# Breeders in central Florida



## ivyagogo

My sister's friend in Ocala is looking for a Hav and would like to start closer to home. Does anybody know of a reputable breeder near Tampa, Orlando or Gainesville?

Thanks!


----------



## trueblue

I think Janet Birdsall of Yuppy Puppy is around Orlando.


----------



## Brady's mom

My Mom's hav, Bacca, came from Yuppy Puppy. I think she is actually in Ocala. Her website is www.myyuppypuppy.com. Bacca is great and Janet was great to deal with.


----------



## Brady's Grandmom

I would highly reccomend Janet Birdsall of Yuppy Puppy in Ocala. She was wonderful to deal with and seems to be a great jduge of doggie character as Bacca is everything she said and more! I see where she just won The Canadian version of Westminister. She has puppies and sometimes some retired breeders to sell. As you can tell we are smitten with Bacca


----------



## Havtahava

I'm not good with Florida geography, so I may be totally amiss with your desire for location, but have you tried Lynn Nieto from Los Perritos?


----------



## RIstream

We got Cooper from T-Wags in the Tampa area and Tim was great. Check out the website, www.twags.com it is very informative. We loved dealing with them.


----------



## hedygs

My sister got her Hav from Lynn Nieto of Los Perritos. He's the Hav that got us hooked. I saw that she has an adorable pied girl on her site.


----------



## FancyNancy

Ivy- I got Henry from Lynn Nieto in Bushnell, near Tampa.


----------



## BeverlyA

I'm not sure exactly where in Florida they are located, but another good one would be C S Ta www.cstakennels.com


----------



## KATEandROBERT

We just got our little guy from El Morro Havanese in Tampa. Kathy and Doug were super nice and incredibly helpful. Our vet was very impessed!


----------



## mikeb

I'm glad somebody brought up this post. Georgie and I will be living in Florida and looking for another Hav next spring. Now I have some breeders to start with when I go hunting.


----------



## hyindc

I am familiar with all the breeders mentioned, and they are all worth checking out for available puppies.

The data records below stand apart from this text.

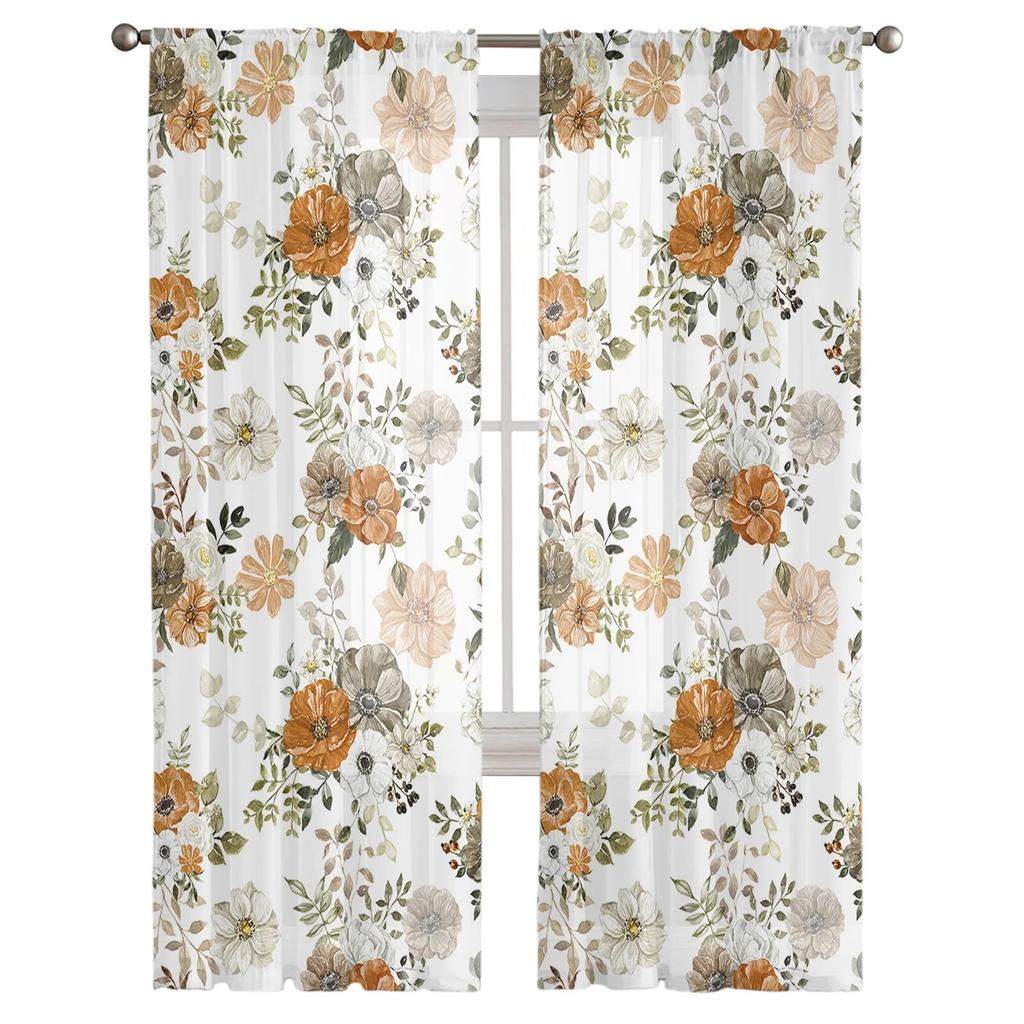Autumn Flowers Eucalyptus Leaves White Pumpkin Voile Sheer Curtains Living Room Tulle Window Curtain Bedroom Drapes Home Decor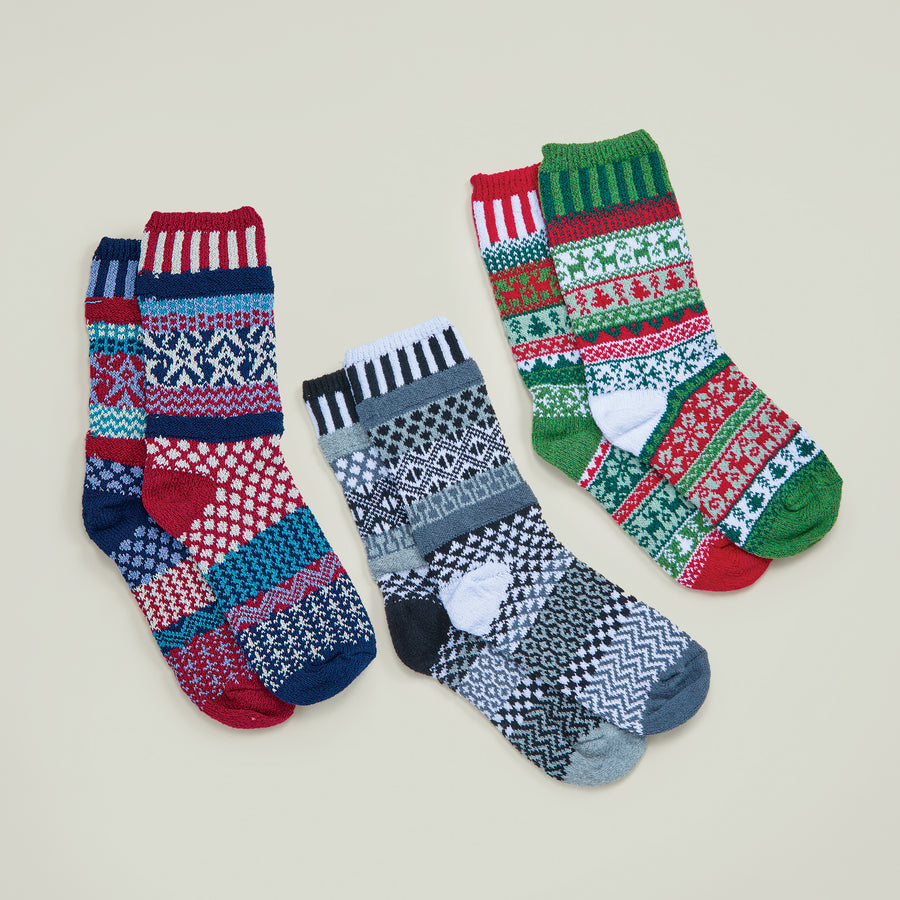 Hand-Knit Glad Tidings Mismatched Socks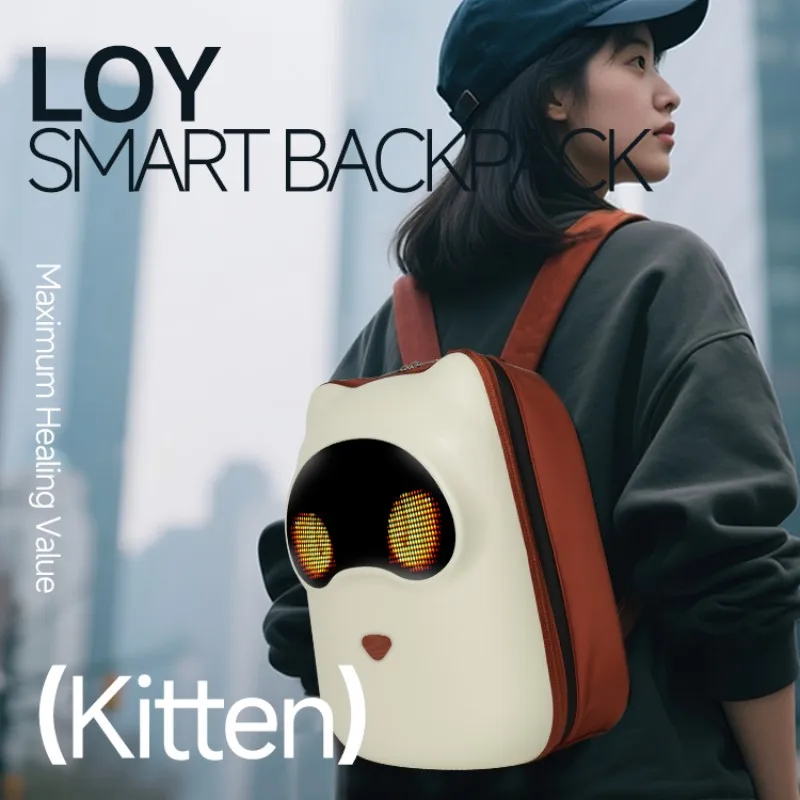 LOY Smart Kitten LED Backpack Cute Cat Face LED Screen Backpack APP Control DIY Digital Display Backpack for Travel & Riding
LOY Smart Kitten LED Backpack Cute Cat Face LED Screen Backpack APP Control DIY Digital Display Backpack for Travel & Riding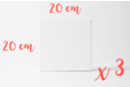 Châssis carrés 20 x 20 cm - 3 châssis - Châssis et Cartons toilés 11225 - 10doigts.fr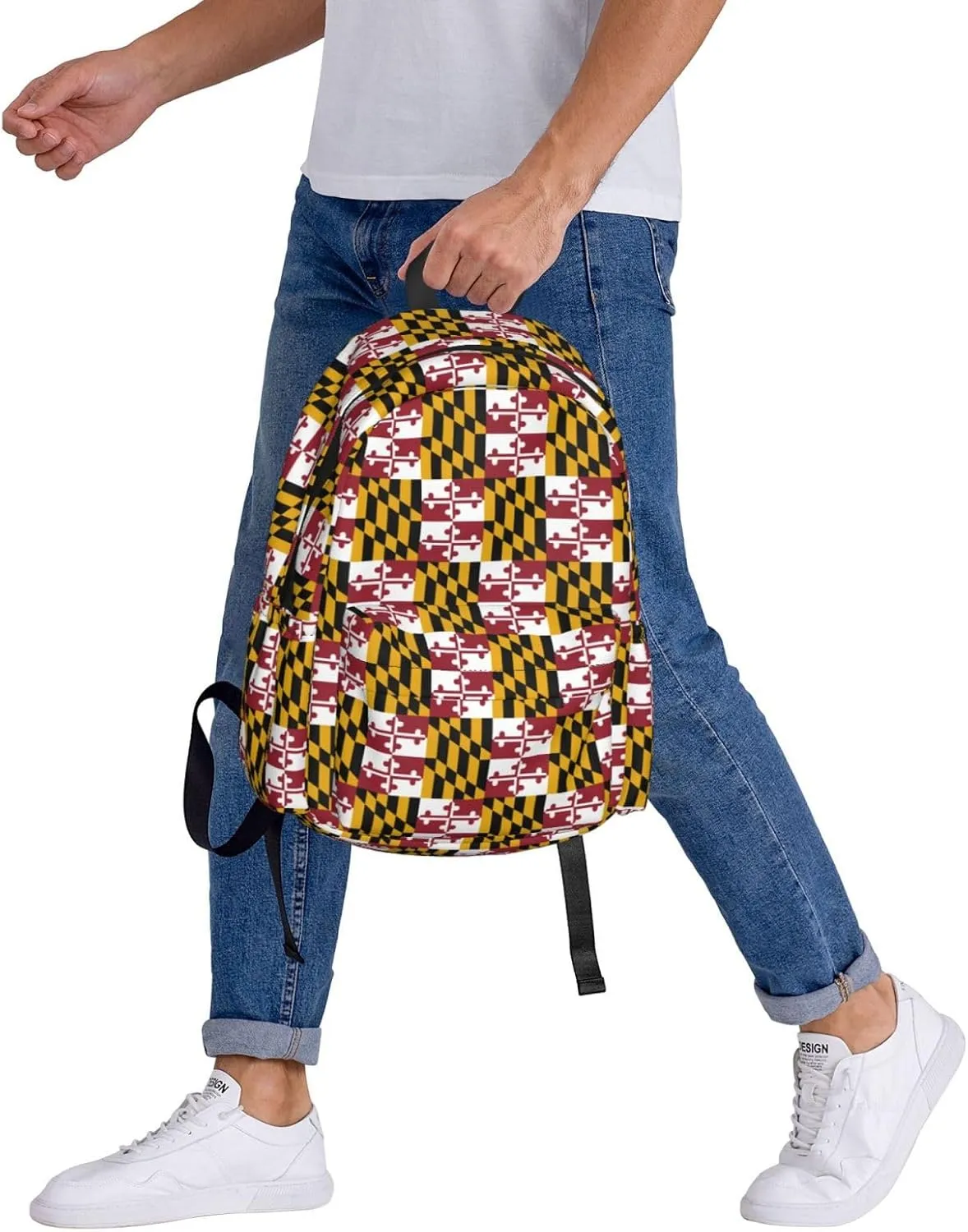 flag of maryland Backpack Large Capacity Backpack Lightweight Double Shoulder Bag For Women Men Travel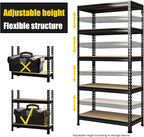 PrimeZone 32"W x 16"D x 63" H Storage Shelves - 2 Pack 5 Tier Adjustable Garage Storage Shelving, Heavy Duty Metal Storage Organizer Utility Rack Shelf Unit for Warehouse Pantry Closet Kitchen, Black
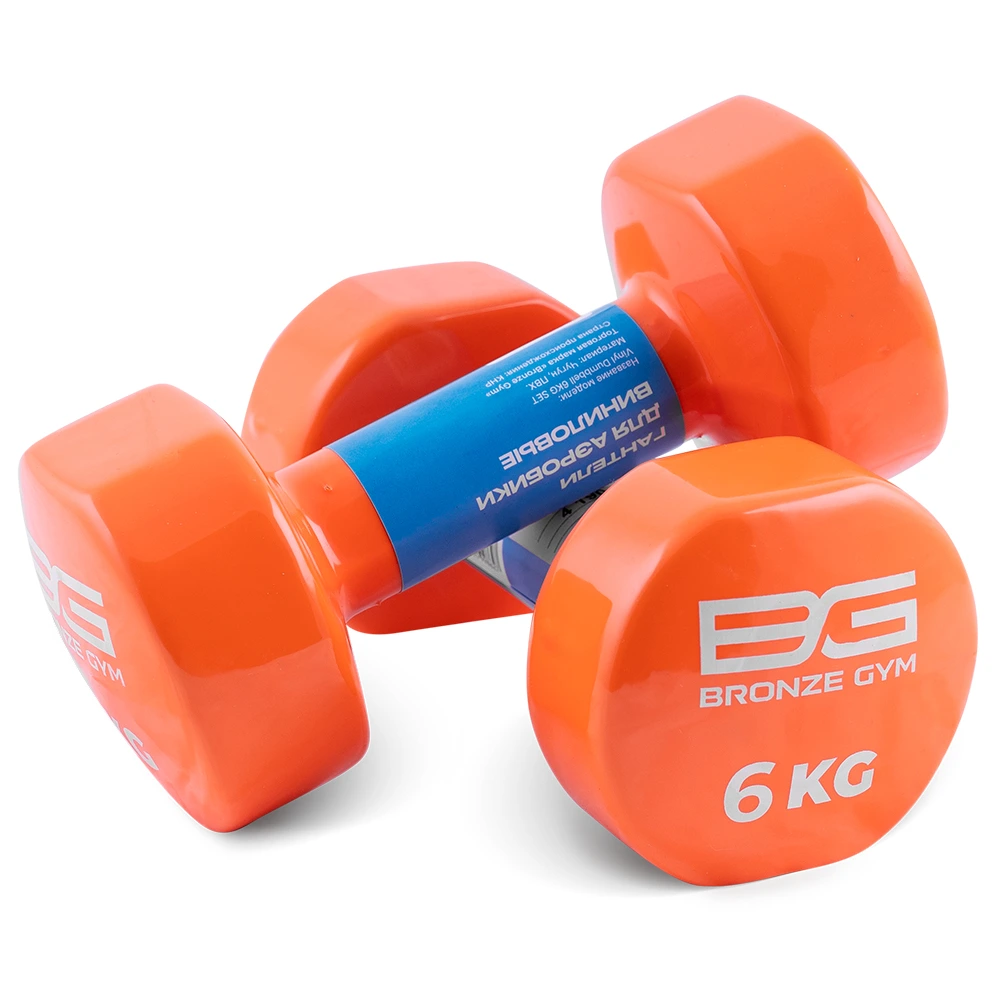 Гантели для аэробики виниловые Bronze Gym, 6 кг пара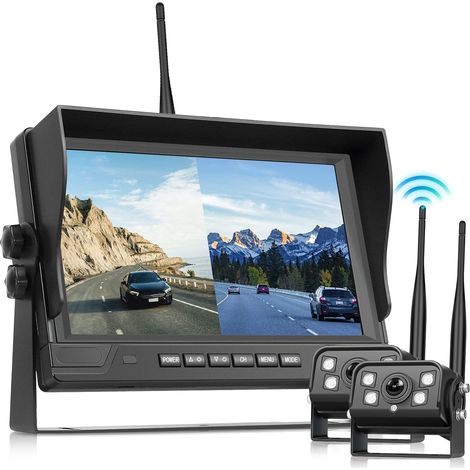 2 caméras de recul sans Fil avec écran 9" IPS, caméras de recul HD pour Camion, remorque, Camping-Car, Bus, Enregistrement en Boucle, étanche BSD Dash Cam (1/5)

We got Paco from Lynn Nieto, and couldn't be happier. If Lynn still has the black pied girl, she sure looks adorable.


----------



## Amala

I am waiting on pins and needles for our puppy. I think all is ok. We are getting a dog from a reputable breeder. The puppy had been bought but the new owner got ill and had to return the dog. I was told that actually it is not the breeders puppy but her handlers. The price is the same, $2000. They gave me the sire and dams names but I can not seem to find a picture of them. I am sure all is up and up due to the breeder reputation. I do not wish to mention because it is me who is so nervous. I lost my dog three years ago and have been waiting to get a new dog to bring joy in our family's life again. I have wanted a Havanese for so long. I will be so disappointed if this does not work. I just wanted to make sure that due to my emotions I was not making a mistake. Are there any special questions I should ask the breeder ( who is selling the puppy for her handler)? Are there any questions I need to ask about the puppy? If you can calm my nerves I would be very appreciative. Thank you,


----------



## Brady's Grandmom

I understand your nerves. I had not had a dog for several years and was very nervous waiting for Bacca. He was a one and a half year old retired show dog that I purchased site unseen. I had spoken to his breeder on the telephone and she really seamed to know the dog well. She was right on the money with her discription of his personality. I am sure that the breeder you are dealing with knows the puppy well even if it's her handler's puppy. I am sure you will love the puppy! I have absolutely no regrets!


----------



## Amala

*You Are So Wonderful*

Dear Brady's Grandmother,

Thank you for your kind words and making me feel calmer.


----------



## galaxie

Brady's Grandmom said:


> I understand your nerves. I had not had a dog for several years and was very nervous waiting for Bacca. He was a one and a half year old retired show dog that I purchased site unseen. I had spoken to his breeder on the telephone and she really seamed to know the dog well. She was right on the money with her discription of his personality. I am sure that the breeder you are dealing with knows the puppy well even if it's her handler's puppy. I am sure you will love the puppy! I have absolutely no regrets!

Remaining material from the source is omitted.